E’ domenica, fa caldo, magari hai pure dei bambini e vuoi fare qualcosa di particolare: che ne dici dei sotterranei di Roma? E magari del bunker dei Savoia a Villa Ada?

Io ho vissuto per quasi trent’anni senza sapere, né sospettare minimamente dell’esistenza di tre bunker nascosti nei sotterranei di Roma. E siccome il blog ha portato della mia fantastica vita una necessità curiosità nuova, cioè quella di scoprire la storia di Roma, ora voglio vederli tutti e tre.
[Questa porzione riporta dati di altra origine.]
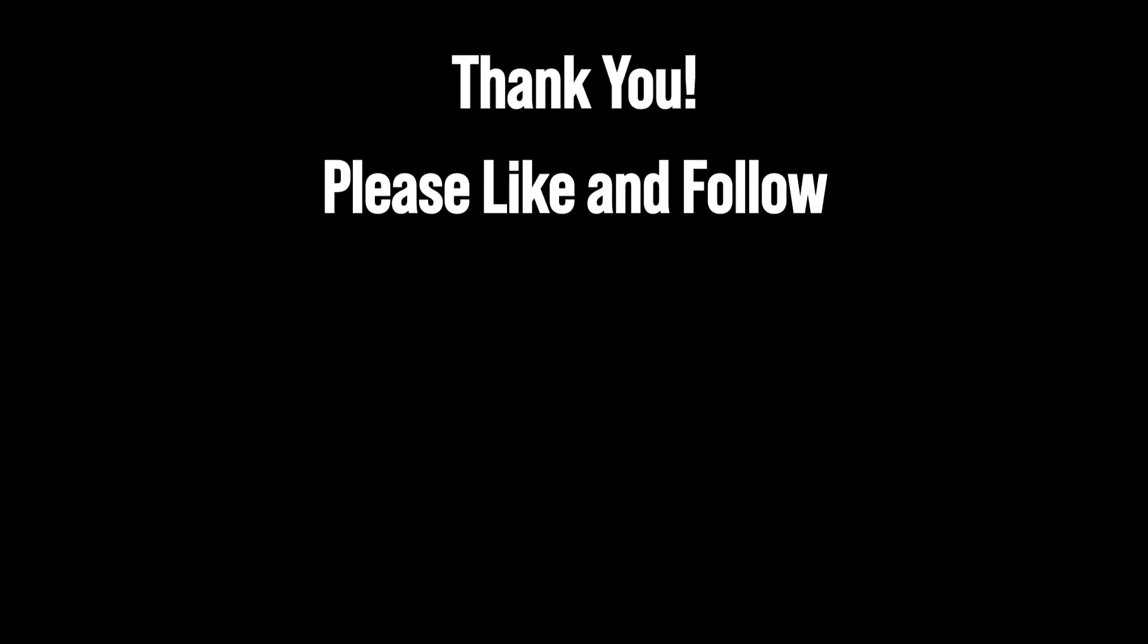So thanks for watching, I really appreciate it. And if you enjoyed this, please like and follow so I can continue doing this.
Non vivo più serena sapendo di non esserci stata. Mi alzo la mattina e la prima frase che dico non è più minchia, ma già sono le sei?!, ma è minchia, ma nemmeno oggi vado a vedere il bunker?!

Anche Alberto Angela ora mi appare un eroe, con quei gilet così sexy e tutte le robe che sa sulla mia città. Lui i sotterranei di Roma se li è sparati tutti in un pomeriggio secondo me. A me invece non basterà una vita per capire Roma, già lo so. Mi servirebbe un corso accelerato e poi uno per non farmi bocciare, uno per gente di coccio. Tipo Cepu.

Ma torniamo al bunker. Il primo che ho visitato, e del quale sto per parlarti, è il bunker di Villa Ada appartenuto alla famiglia reale dei Savoia.

A luglio visiterò il secondo bunker in lista d’attesa, meno conosciuto di questo di Villa Ada ma ugualmente interessante: se non vuoi perdertelo seguimi su Facebook o su Bloglovin, ogni lunedì pubblico un nuovo post.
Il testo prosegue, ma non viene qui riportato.